Their refuge includes a kitchen
Vermont student gathers recipes from those resettled there
WINOOSKI, Vt. - Suhad Murad juggles three pots on the stovetop and two in the oven. The Iraqi native is assembling a meal from home, an array that includes lentil soup, biryani with baked chicken, and an eggplant, tomato, and ground beef casserole. She moves deftly, pan-frying chopped vermicelli in a skillet, then tossing it with toasted almonds and raisins; mixing spices and water in a pan, then adding basmati rice; chopping cucumbers, tomatoes, and peppers for a salad. Breaking her concentration every few minutes is 4-year-old Abdullah, who leaps into the kitchen like Spider-Man, his favorite superhero.

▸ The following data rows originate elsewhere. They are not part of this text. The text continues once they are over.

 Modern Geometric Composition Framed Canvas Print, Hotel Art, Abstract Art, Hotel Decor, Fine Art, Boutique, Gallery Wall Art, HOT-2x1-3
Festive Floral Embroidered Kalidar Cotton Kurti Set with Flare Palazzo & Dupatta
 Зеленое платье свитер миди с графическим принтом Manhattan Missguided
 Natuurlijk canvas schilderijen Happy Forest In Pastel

Murad’s biryani is one of 40 dishes compiled for “A Mosaic of Flavors: New Americans Adding Spice to Life in Vermont.’’ The cookbook is sponsored by the Vermont Refugee Resettlement Program and written and photographed by Caroline Casey, a University of Vermont senior who is an intern at the organization. The recipes are all from refugees who have been resettled in the Burlington area, some as recently as five months ago, others for almost 20 years.

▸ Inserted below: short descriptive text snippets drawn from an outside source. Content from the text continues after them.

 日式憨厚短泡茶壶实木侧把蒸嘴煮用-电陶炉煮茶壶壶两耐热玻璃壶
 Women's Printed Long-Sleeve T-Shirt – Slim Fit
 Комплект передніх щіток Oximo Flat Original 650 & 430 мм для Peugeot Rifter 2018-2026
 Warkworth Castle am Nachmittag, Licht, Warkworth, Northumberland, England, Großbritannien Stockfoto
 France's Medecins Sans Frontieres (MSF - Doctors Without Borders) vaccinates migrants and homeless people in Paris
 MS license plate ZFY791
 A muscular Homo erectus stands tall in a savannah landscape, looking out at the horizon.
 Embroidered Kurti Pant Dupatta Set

“No matter where you’re from, food is something that brings people together,’’ says Casey, who spent the summer watching about 20 cooks prepare dishes from their native countries. The cookbook features samosas from Somalia, fried sweet bread rolls from the Democratic Republic of the Congo, potato balls, rice flour cookies and rice pudding from Bhutan, curries and coconut mango sticky rice from Myanmar, and semolina cake from Iraq.
Casey, 21, was drawn to the project because she knows how important food is as an expression of culture. An anthropology and African studies major, she lived in Ghana for five months last spring. “It was a huge culture shock to live in a foreign country,’’ she says. “I missed the foods from home.’’ The experience inspired her to help refugees here make the transition. The cookbook is in the process of being completed; VRRP is currently looking for financing to print books.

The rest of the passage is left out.